» **What is being asked**
The records below must be repeated exactly, but without their pictures.
━━━━━ Available records ━━━━━
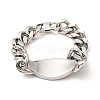 Tarnish Resistant 304 Stainless Steel Rhombus with Cross Link Bracelet with Curb Chains for Men Women BJEW-E009-21P-2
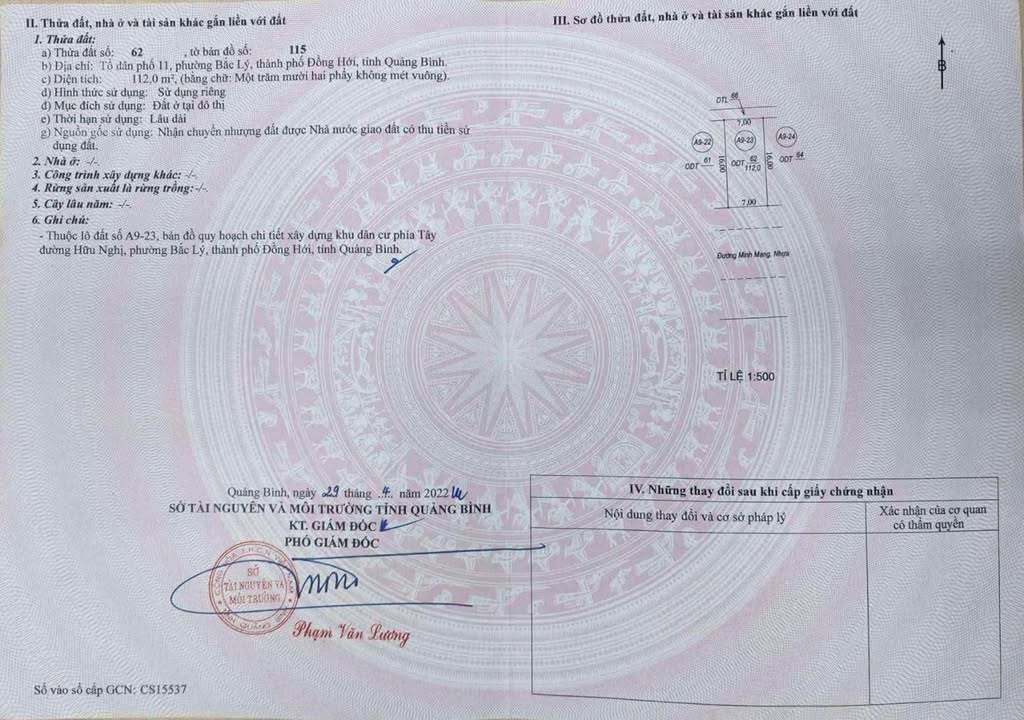 Mặt Tiền Kinh Doanh Đường Minh Mạng 112m² - Vị Trí Vàng Đồng Hới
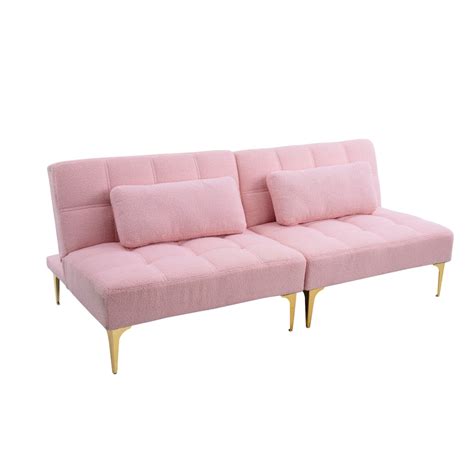 Convertible Futon Sofa Bed with Gold Metal Legs, 71" Loveseat Sofa ...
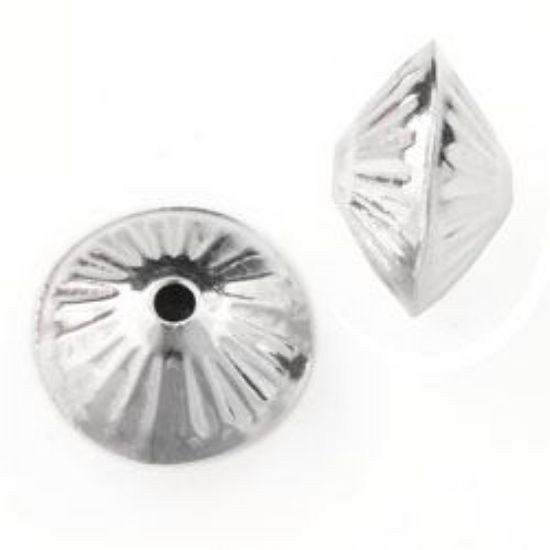 Picture of Sterling Silver Corrugated Dome Seam Beads 12mm<br />10 Beads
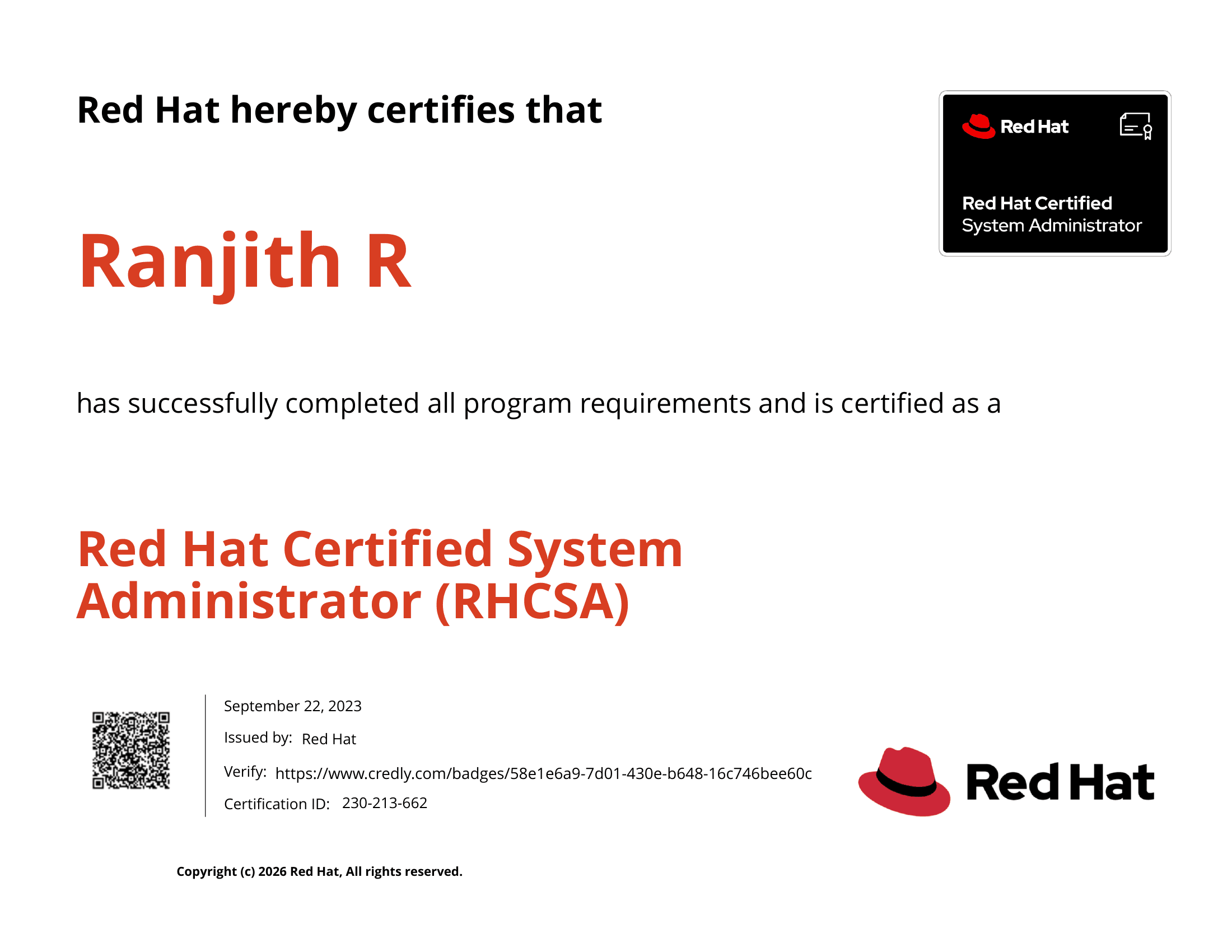 Red Hat Certified System Administrator (RHCSA) certificate preview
━━━━━
» **Reply to the task**
 Tarnish Resistant 304 Stainless Steel Rhombus with Cross Link Bracelet with Curb Chains for Men Women BJEW-E009-21P-2
 Mặt Tiền Kinh Doanh Đường Minh Mạng 112m² - Vị Trí Vàng Đồng Hới
 Convertible Futon Sofa Bed with Gold Metal Legs, 71" Loveseat Sofa ...
 Picture of Sterling Silver Corrugated Dome Seam Beads 12mm<br />10 Beads
 Red Hat Certified System Administrator (RHCSA) certificate preview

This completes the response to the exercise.